TASK REQUIREMENTS - Repeat the data that follows exactly, starting at the line with "Silicone Coupler 41mm, 75mm Length, Blue" and ending at the line with "pantofi bleumarin - Moccasins", and leave out every picture.

---- EXTRACTED RECORDS

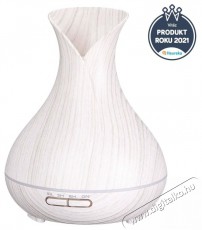 SIXTOL Sixtol Vulcan, fehér fa, 350 ml Aroma diffúzor - Háztartás / Otthon / Kültér - Egyéb háztartási termék - 526093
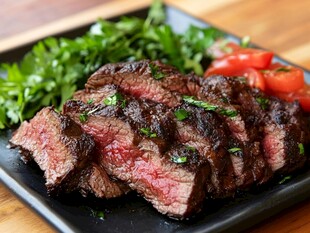 黑木烧极佳板牛排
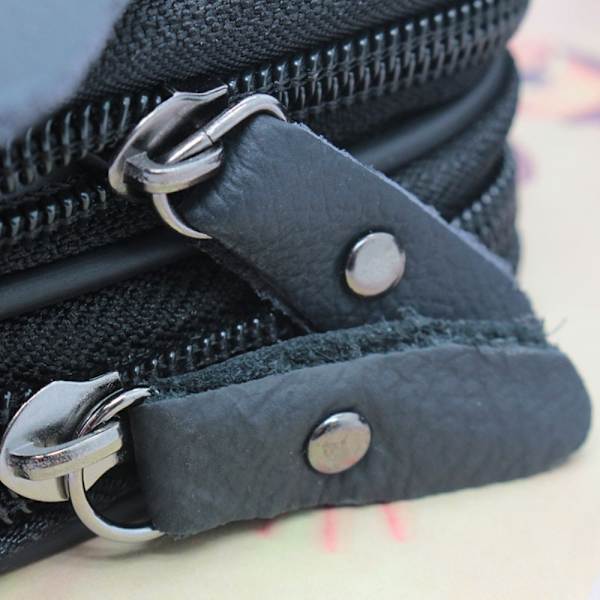 Vyölaukku Testificate Belt Bag MUSTA black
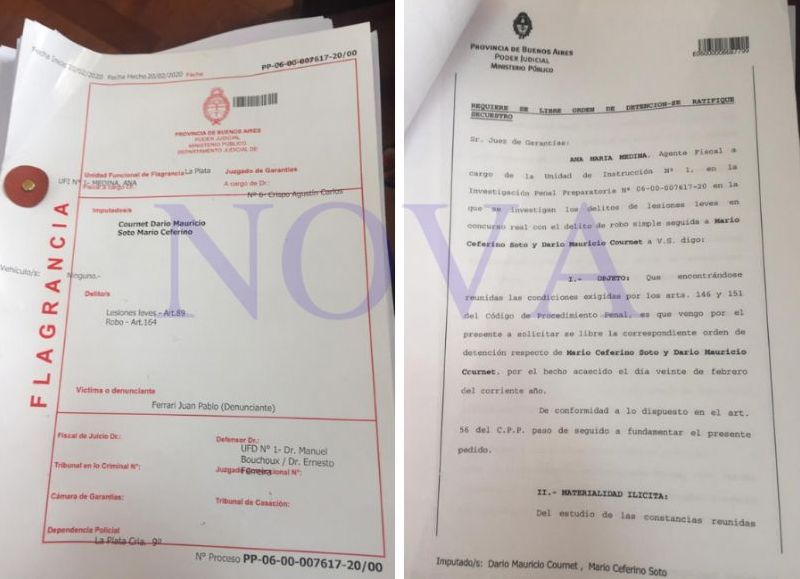 Serían guardaespaldas del presidente de Gimnasia: elevaron a juicio a los agresores de un periodista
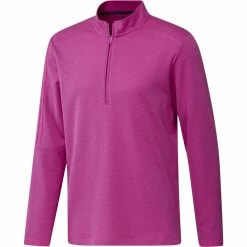 ADIDAS 3-Stripe 1/4 Zip Layering -golf ball Shop adidas 3 stripe 1 4 zip layering lucid fuchsia 01 82167.1677086414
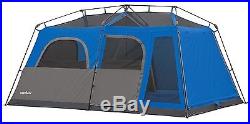 Campvalley 9 Person Instant Cabin Tent Family Camping Hunting Fishing 14'x9
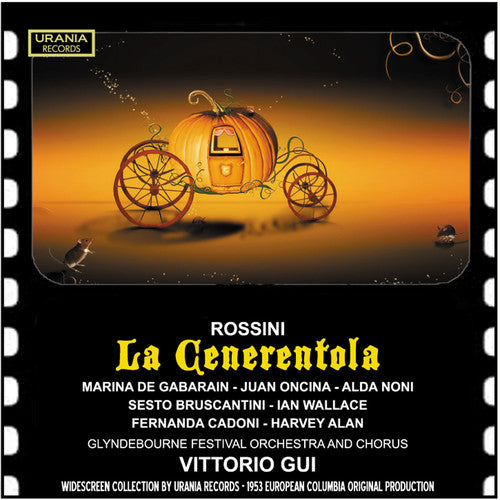 Glyndebourne Festival Orchestra: Cenerentola - COMPACT DISCS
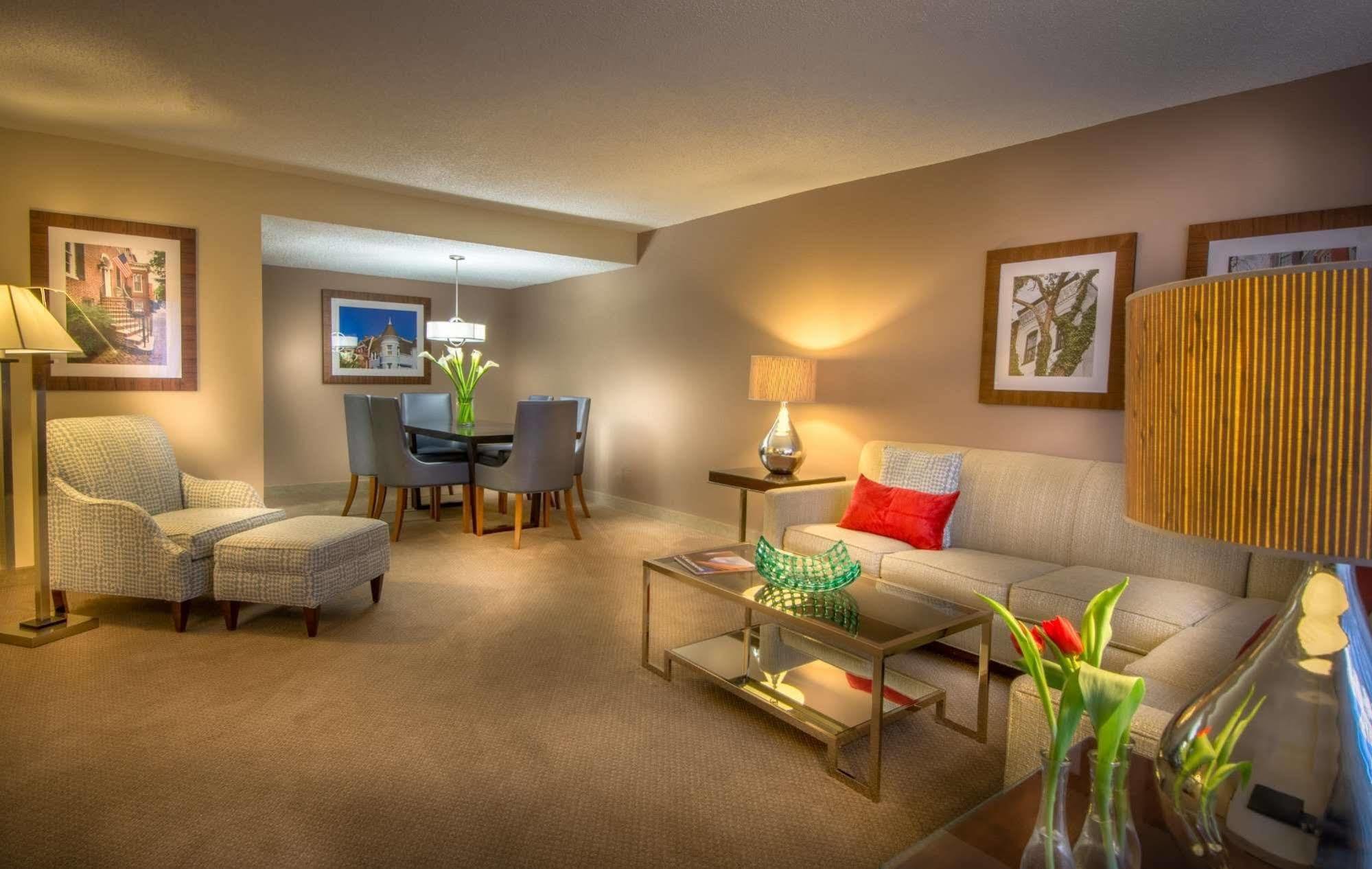 Georgetown Suites Courtyard Ουάσινγκτον Εξωτερικό φωτογραφία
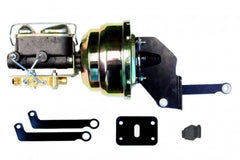 LEED Brakes A8471 8 in Dual Power Booster , 1 in Bore Master w/ disc/drum valve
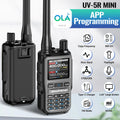 BAOFENG UV-5R Mini Walkie Talkie Multi Band Bluetooth Programming Wireless Copy Frequency 999CH AM FM Long Range Two Way Radio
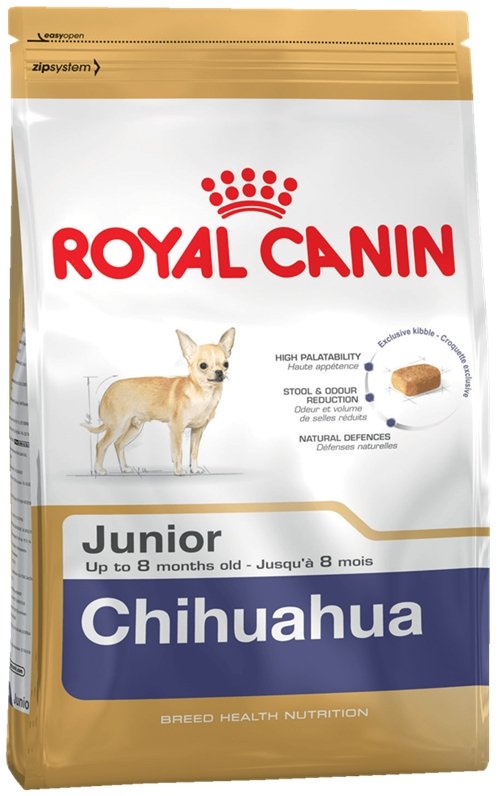 

Сухой корм для собак Royal Canin Chihuahua 30 Junior 1.5 кг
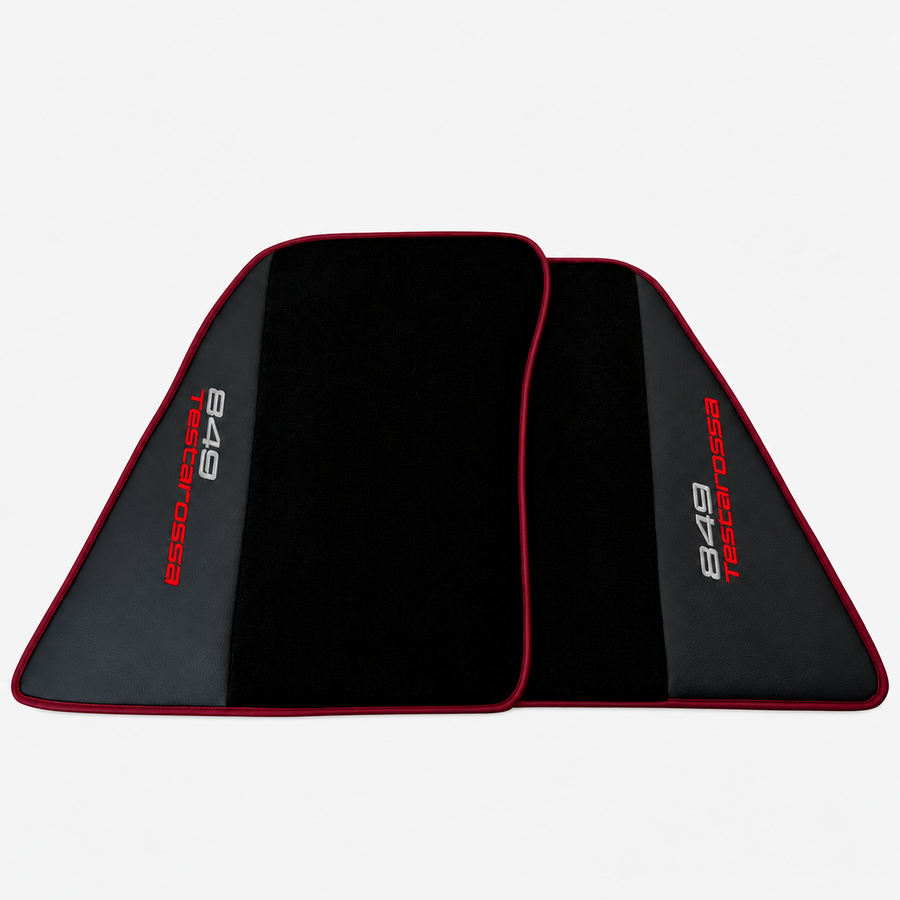 Tapis de sol pour Ferrari 849 Testarossa (2026-2027) en cuir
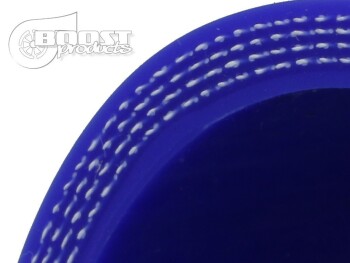 Silicone Coupler 41mm, 75mm Length, Blue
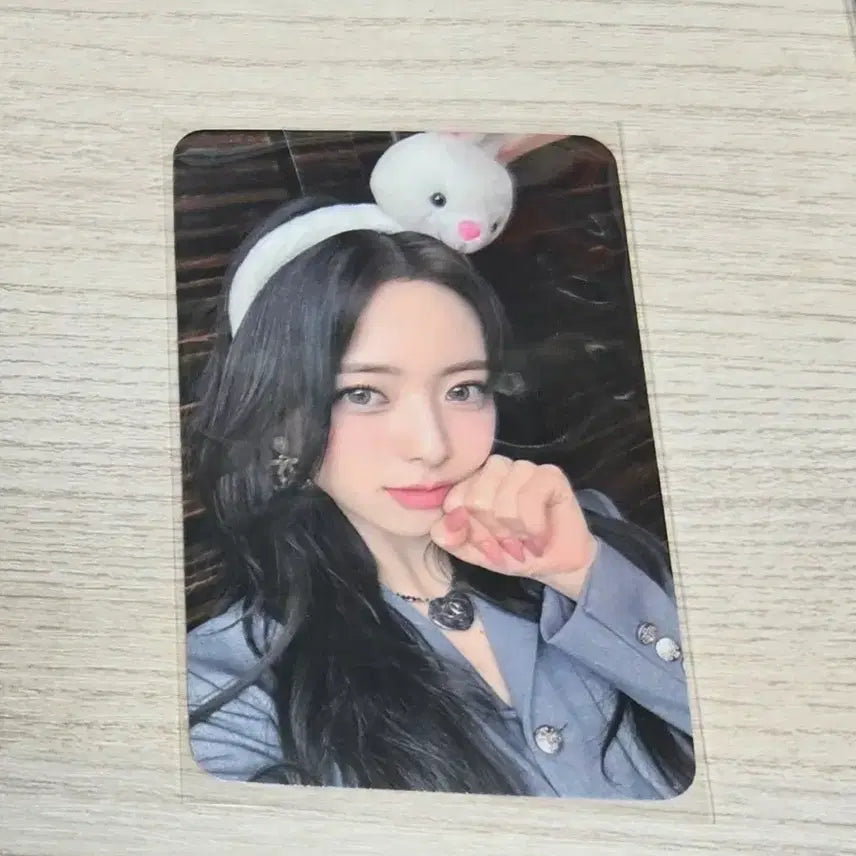 [BUNJANG] ITZY Yuna Cheshire Soundwave Lucky Draw Photocard / 있지 유나 포카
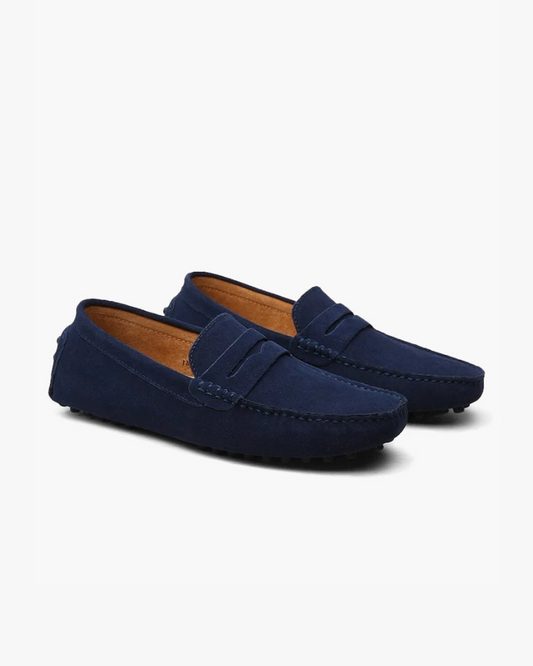 Wildleder Driver Loafers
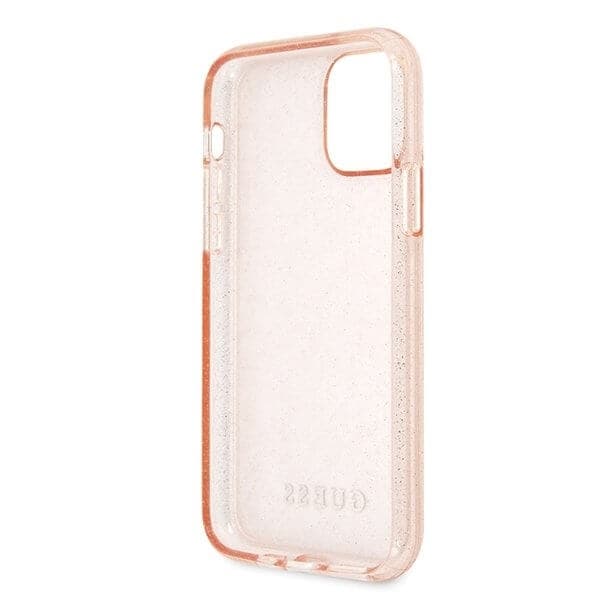 Guess iPhone 11 Pro Taske Glitter - Lyserød Pink
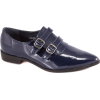 pantofi bleumarin - Moccasins - 
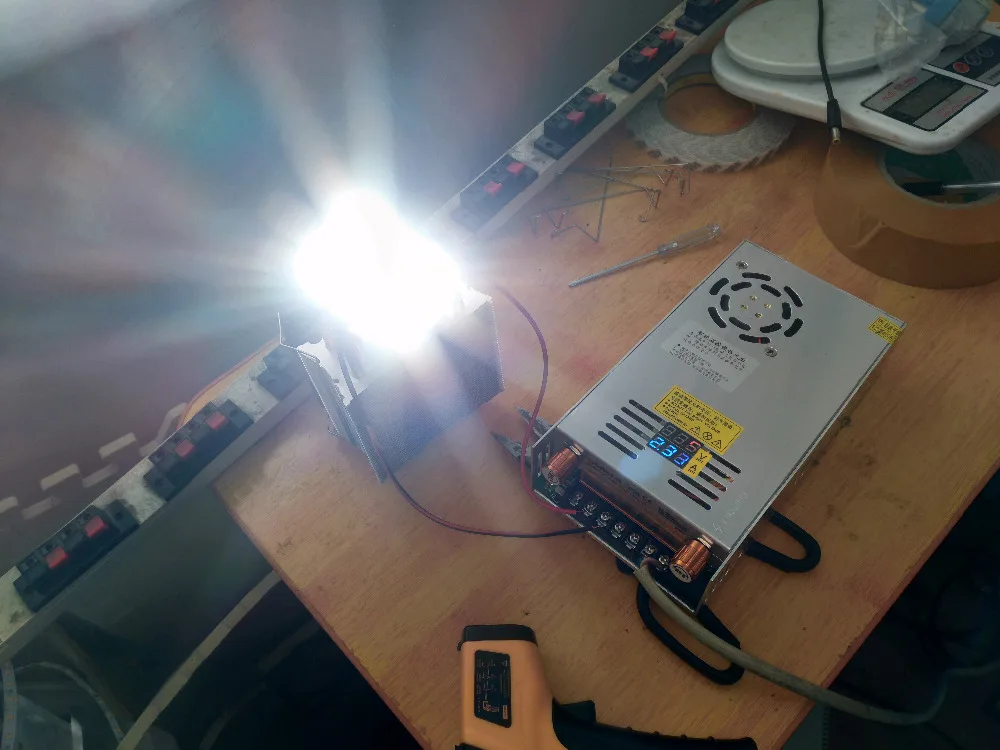 Diy led u - home high cri 95 + cob светодиодный белый dc34 - 36v 2 - Фотография_5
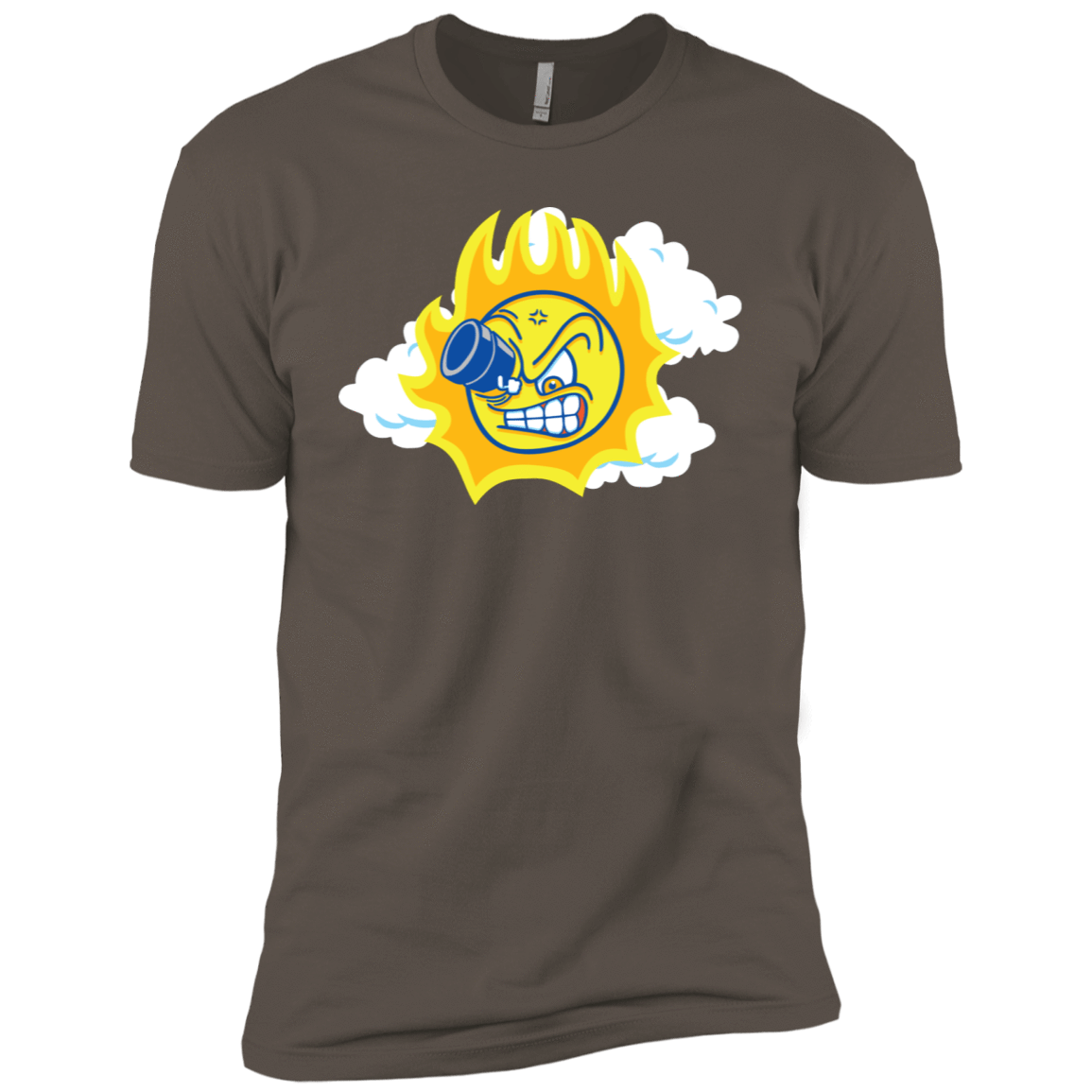 T-Shirts Warm Grey / X-Small Journey To The Angry Sun Men's Premium T-Shirt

--------

SOLVED EXERCISE -
 Silicone Coupler 41mm, 75mm Length, Blue
 [BUNJANG] ITZY Yuna Cheshire Soundwave Lucky Draw Photocard / 있지 유나 포카
 Wildleder Driver Loafers
 Guess iPhone 11 Pro Taske Glitter - Lyserød Pink
 pantofi bleumarin - Moccasins - 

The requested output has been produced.